Create download.py #132

xianyuanliu · 2021-04-29T23:13:26Z

Fixes #128 option 2.

Description

Create two data downloading functions for files and compressed files via GitHub URL. It hasn't cover @RaivoKoot 's one, which downloads files from Google drive.

Status

Ready

Types of changes

Non-breaking change (fix or new feature that would not break existing functionality).
In-line docstrings updated.

codecov-commenter · 2021-04-29T23:17:46Z

Codecov Report

Merging #132 (d6e98e4) into main (00bda7b) will increase coverage by 0.42%.
The diff coverage is 100.00%.

@@            Coverage Diff             @@
##             main     #132      +/-   ##
==========================================
+ Coverage   17.96%   18.38%   +0.42%     
==========================================
  Files          43       44       +1     
  Lines        4075     4096      +21     
==========================================
+ Hits          732      753      +21     
  Misses       3343     3343

Impacted Files	Coverage Δ
kale/embed/video_feature_extractor.py	`0.00% <ø> (ø)`
kale/embed/video_i3d.py	`0.00% <ø> (ø)`
kale/embed/video_res3d.py	`0.00% <ø> (ø)`
kale/embed/video_se_i3d.py	`0.00% <ø> (ø)`
kale/embed/video_se_res3d.py	`0.00% <ø> (ø)`
kale/embed/video_selayer.py	`0.00% <ø> (ø)`
kale/loaddata/action_multi_domain.py	`0.00% <ø> (ø)`
kale/loaddata/video_access.py	`0.00% <ø> (ø)`
kale/pipeline/action_domain_adapter.py	`0.00% <ø> (ø)`
kale/predict/class_domain_nets.py	`0.00% <ø> (ø)`
... and 2 more

Continue to review full report at Codecov.

Legend - Click here to learn more
Δ = absolute <relative> (impact), ø = not affected, ? = missing data
Powered by Codecov. Last update 00bda7b...d6e98e4. Read the comment docs.

haipinglu · 2021-04-30T07:53:33Z

kale/utils/download.py

@@ -0,0 +1,71 @@
+# =============================================================================
+# Author: Xianyuan Liu, xianyuan.liu@sheffield.ac.uk


You may consider to start using your more permanent, personal email (or both emails, as in my case at line 4) as your Shef email will become invalid soon after you leave.

haipinglu · 2021-04-30T07:57:10Z

kale/utils/download.py

+
+"""Data downloading and compressed data extraction functions, Based on
+https://github.com/pytorch/vision/blob/master/torchvision/datasets/utils.py
+https://github.com/pytorch/pytorch/blob/master/torch/hub.py


Good.
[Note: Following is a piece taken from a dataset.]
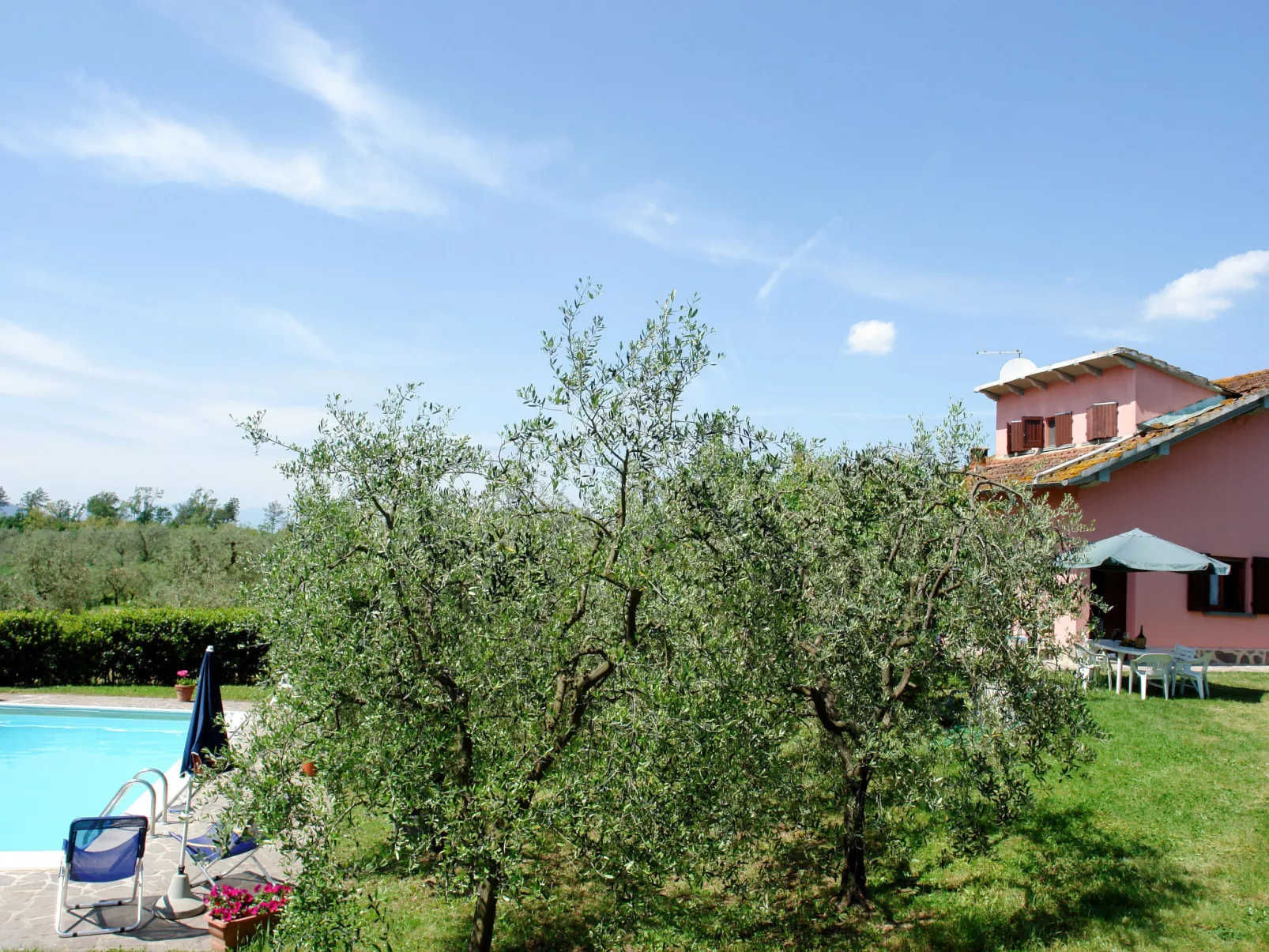 Podere Cerbaia (SMR100)-Draußen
I assume that you have followed our 3R green ML principles here to reuse pytorch APIs at line 16-17

However, it should be clear why the original APIs in pytorch is not good/simple enough. Why the user should use this API rather than the pytorch ones directly. What are the added benefits of using this API.

download_and_extract_archive and download_url_to_file are not in the same PyTorch file and It would be better to integrate them into one file. This file cover functions to download files with different types from different sources. Using the same format and parameters like output_directory and output_file_name can also simplify our coding.
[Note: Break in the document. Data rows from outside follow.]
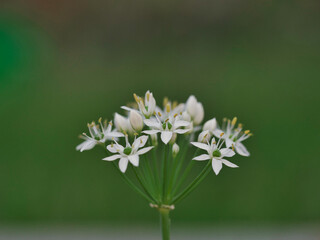 Tokyo,Japan - September 17, 2021: Closeup of white chinese chives flower
 
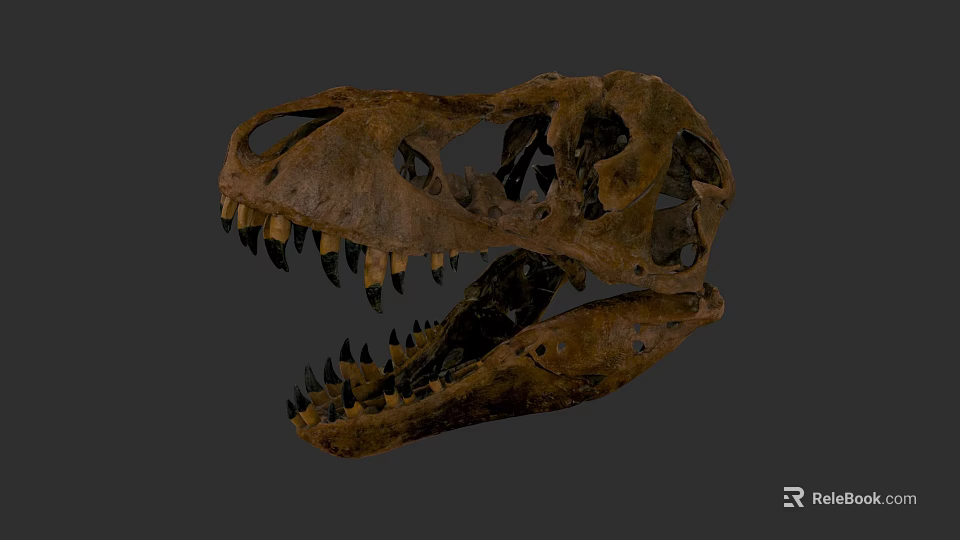 Detailed Reptile Dinosaur Skull Fossil With Ancient Brown Texture On Gray Background 3d model 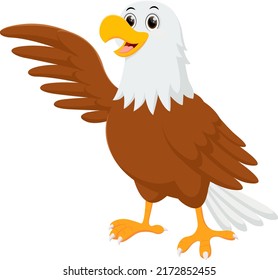 Cartoon Eagle Isolated On White Background Stock Illustration ...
PyTorch provides the basic download function but it may raise issues when the output_directory does not exist. I only meet this problem.

haipinglu · 2021-04-30T08:06:18Z

kale/utils/download.py

+    logging.info("Datasets downloaded and extracted in {}".format(file))
+
+
+def download_file_by_url(url, output_directory, output_file_name):


Reduce: Quite some repetitions here. I suggest to merge download_compressed_file_by_url with this one by either

add a flag to indicate whether it is compressed, or even better

auto detect whether the file is in (supported) compressed format (matching against ".tar.xz", ".tar", ".tar.gz", ".tgz", ".gz", ".zip") to switch to either download_and_extract_archive or download_url_to_file

haipinglu

Our pre-commit hooks have been tested for long and are quite stable so I strongly suggest you to use the automation rather than manual Run pre-commit auto format in your commits to improve efficiency, which is the professional practice and also has a cleaner commit history.
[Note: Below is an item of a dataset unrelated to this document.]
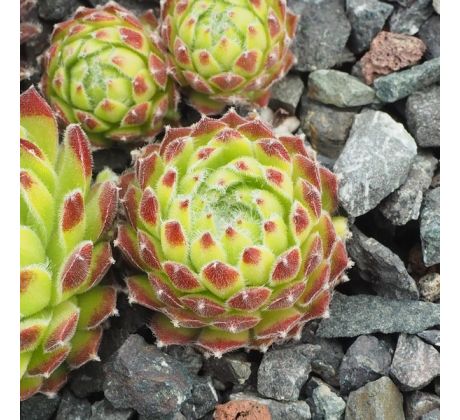 Sempervivum HAVENDIJKER FEE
You should consider to have tests written at the same time. This will save the overall coding time because you are working on the same functionality and also save review time because the tests help to validate the code as well.

See the comment at the top. Clarify the benefits against using pytorch APIs directly.

haipinglu · 2021-04-30T08:30:48Z

Also, this PR did not successfully complete the auto project assignment action (https://github.com/pykale/pykale/runs/2471407104?check_suite_focus=true), saying "Resource not accessible by integration".

This is not critical but weird. In this case, we need to manually assign the project (please do). Not sure whether this is because the PR is from a fork. There were no problems before this PR.

You do not need to solve the problem (except adding project manually). It is just my observation and we may see how to solve it later. I will add a card.

But as said earlier, let us try to work on direct branches rather than forks.

haipinglu · 2021-04-30T08:40:18Z

On pre-commit, it is also weird on your system because, if your pre-commit did not pass, you should not be able to make a commit so it is not clear why a Run pre-commit auto format is there. This somehow implies that your pre-commit hooks are not functioning automatically before each commit on your local system. I think this should be fixed, with help from Shuo maybe.

On my system, I cannot make a commit before pass the pre-commit checks, I believe this is the case for all other members, except you, so your commit history is noisier and unnecessarily long.

haipinglu · 2021-04-30T08:42:43Z

On pre-commit, it is also weird on your system because, if your pre-commit did not pass, you should not be able to make a commit so it is not clear why a Run pre-commit auto format is there. This somehow implies that your pre-commit hooks are not functioning automatically before each commit on your local system. I think this should be fixed, with help from Shuo maybe.

On my system, I cannot make a commit before pass the pre-commit checks, I believe this is the case for all other members, except you, so your commit history is noisier and unnecessarily long.

You can consider VS code for committing to GitHub if PyCharm problems cannot be fixed, Shuo used both. I am experienced in VS code.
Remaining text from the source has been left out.